Prompt
Every record below is to be copied exactly, with its images omitted.

Material provided

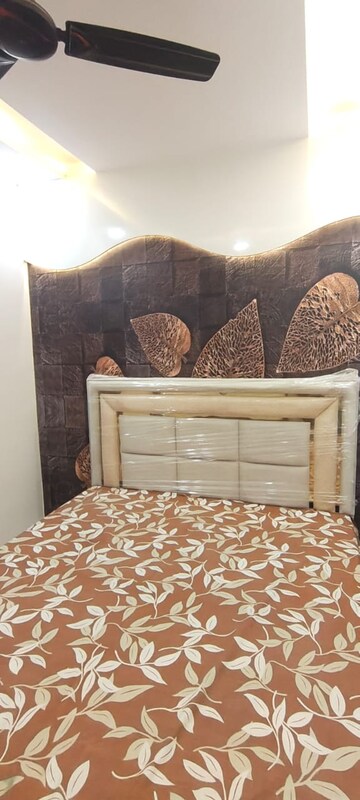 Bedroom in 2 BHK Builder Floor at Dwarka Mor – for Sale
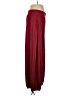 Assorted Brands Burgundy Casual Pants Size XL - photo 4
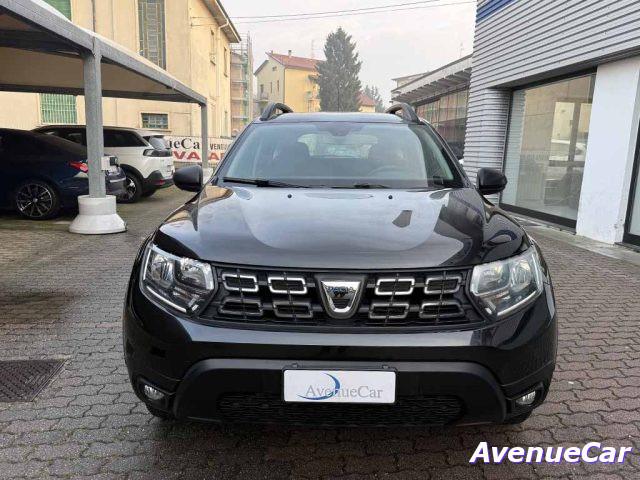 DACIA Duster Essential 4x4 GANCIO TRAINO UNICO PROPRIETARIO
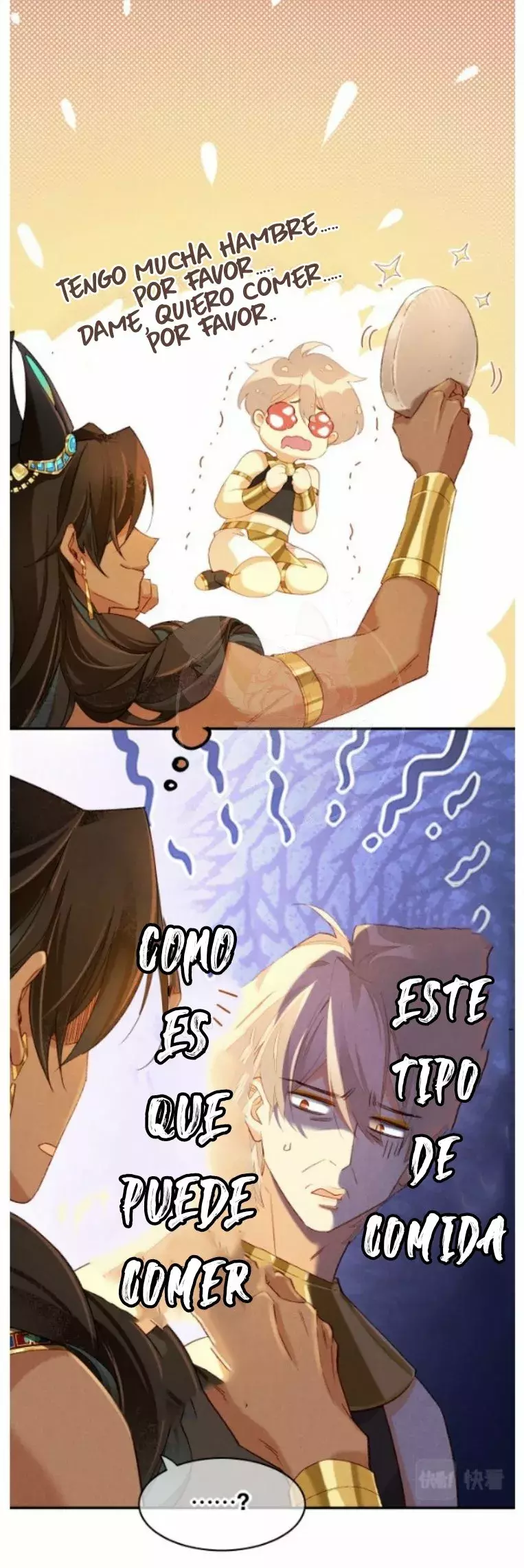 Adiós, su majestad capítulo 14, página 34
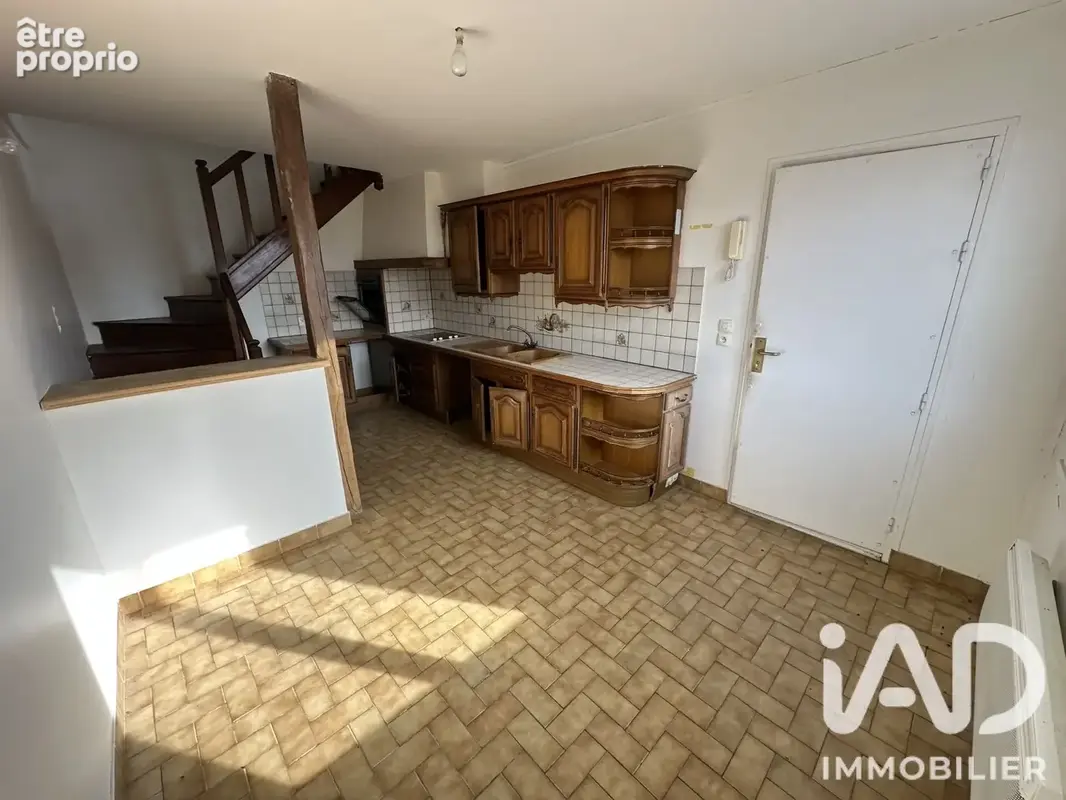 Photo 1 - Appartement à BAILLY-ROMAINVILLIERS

Reply
 Bedroom in 2 BHK Builder Floor at Dwarka Mor – for Sale
 Assorted Brands Burgundy Casual Pants Size XL - photo 4
 DACIA Duster Essential 4x4 GANCIO TRAINO UNICO PROPRIETARIO
 Adiós, su majestad capítulo 14, página 34
 Photo 1 - Appartement à BAILLY-ROMAINVILLIERS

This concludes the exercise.